In all, the AP added, Monsanto’s total revenue rose 7 percent last quarter to $3.1 billion. Analysts at FactSet had predicted earnings of only 64 cents per share, or $3.069 billion in revenue, for that span.
Now according to the company’s CEO, Monsanto expects further growth in 2014.
"All of our indicators continue to line up to deliver mid- to high-teens" growth in operating profit on a percentage basis this year, chief executive Hugh Grant told reporters on a conference call early Wednesday, the Wall Street Journal reported.
Experts say further profits could easily be expected as Monsanto continues to see growing sales of its Intacta soybean seed, the first of its kind designed specifically by the company for sale in non-domestic markets. Intacta seeds are genetically engineered by Monsanto scientists to withstand the company’s popular herbicide Roundup as well as infestations by caterpillars, and the company said on Wednesday that soybean sales grew 16 percent during the recently-closed quarter to $267 million.
Monsanto expects to have Intacta seeds covering about three million acres of Brazil in 2014, and ultimately around 100 million acres of the crop between there and Argentina. Elsewhere they may be out of luck, however, as authorities in Germany, France and Italy have all proposed national bans on GMOs. More than a dozen nations in the European Union require labels on genetically modified products, and Zambia, Benin and Serbia have all agreed on total bans altogether against those items.
Nevertheless, Grant said in a statement published by Reuters on Wednesday that "The first quarter demonstrated that our business performance is squarely on track with several key milestones and that we have the right growth strategy in place.”
Grant isn’t alone at thinking his company is on the right track, either.

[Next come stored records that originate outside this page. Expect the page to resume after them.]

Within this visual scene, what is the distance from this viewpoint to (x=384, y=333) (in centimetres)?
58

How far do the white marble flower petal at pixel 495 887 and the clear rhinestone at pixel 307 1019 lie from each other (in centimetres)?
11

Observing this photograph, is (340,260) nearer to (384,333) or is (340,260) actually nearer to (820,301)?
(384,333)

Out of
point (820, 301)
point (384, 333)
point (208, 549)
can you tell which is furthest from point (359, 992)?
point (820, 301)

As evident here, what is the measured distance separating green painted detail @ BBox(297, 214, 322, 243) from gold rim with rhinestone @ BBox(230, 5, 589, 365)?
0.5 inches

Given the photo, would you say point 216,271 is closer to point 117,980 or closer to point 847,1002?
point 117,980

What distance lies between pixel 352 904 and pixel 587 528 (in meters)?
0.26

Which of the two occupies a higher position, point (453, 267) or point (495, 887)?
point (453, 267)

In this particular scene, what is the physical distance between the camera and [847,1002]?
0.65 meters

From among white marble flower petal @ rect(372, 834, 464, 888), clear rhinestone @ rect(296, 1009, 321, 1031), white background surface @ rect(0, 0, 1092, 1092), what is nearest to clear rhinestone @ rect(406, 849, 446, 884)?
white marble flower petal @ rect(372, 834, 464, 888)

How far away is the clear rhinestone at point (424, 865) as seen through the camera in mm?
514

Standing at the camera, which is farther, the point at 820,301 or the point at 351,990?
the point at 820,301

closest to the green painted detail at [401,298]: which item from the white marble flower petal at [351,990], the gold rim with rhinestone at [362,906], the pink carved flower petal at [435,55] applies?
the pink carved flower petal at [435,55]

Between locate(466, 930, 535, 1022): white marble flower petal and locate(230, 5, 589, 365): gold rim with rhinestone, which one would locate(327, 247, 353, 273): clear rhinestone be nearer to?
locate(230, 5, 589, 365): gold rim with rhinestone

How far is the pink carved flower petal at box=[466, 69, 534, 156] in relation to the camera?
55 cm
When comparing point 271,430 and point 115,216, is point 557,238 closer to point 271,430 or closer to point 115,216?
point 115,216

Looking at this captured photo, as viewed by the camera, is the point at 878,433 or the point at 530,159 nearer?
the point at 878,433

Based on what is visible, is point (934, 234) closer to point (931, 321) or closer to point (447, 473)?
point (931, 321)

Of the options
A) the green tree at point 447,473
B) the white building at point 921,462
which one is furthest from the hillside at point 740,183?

Piper Jaffray Cos analyst Michael Co told Bloomberg News Wednesday morning that over the next two years Intacta “will prove to be the single most important earnings driver for Monsanto.”
Even China, where American exports were recently rejected over fears of being tainted with GMO products, agreed last June to approve Intacta soybeans. Monsanto President and Chief Commercial Officer Brett Begemann said then that it marked “a significant milestone” for the company and “showcases the next wave of innovation that is poised to drive the decade of the soybean at Monsanto.”
Meanwhile, though, other GMO products made by Monsanto slipped in sales. Although genetically-engineered soybean seeds saw their sales rise by 16 percent last quarter, corn and cotton both declined during that time frame. That only proved to be a small setback for profits, though, as the company’s glyphosate herbicide sold 24 percent better than previously,
“Glyphosate really crushed it,” New York-based analyst Chris Shaw of Monness Crespi Hardt & Co told Bloomberg on Wednesday. “Overall, it was a pretty decent quarter," he said.
Pretty decent indeed, but not exactly with regards to reputation. That same quarter saw dozens of countries around the globe hold anti-GMO protests as part of a coordinated “March Against Monsanto” in October at roughly 500 cities around the globe. As RT reported previously, numerous studies conducted over the past few years determined that an overwhelming majority of Americans — close to 100 percent, in some cases — are in favor of enacting laws that would require companies that rely on GMO crops to appropriately label their products as such.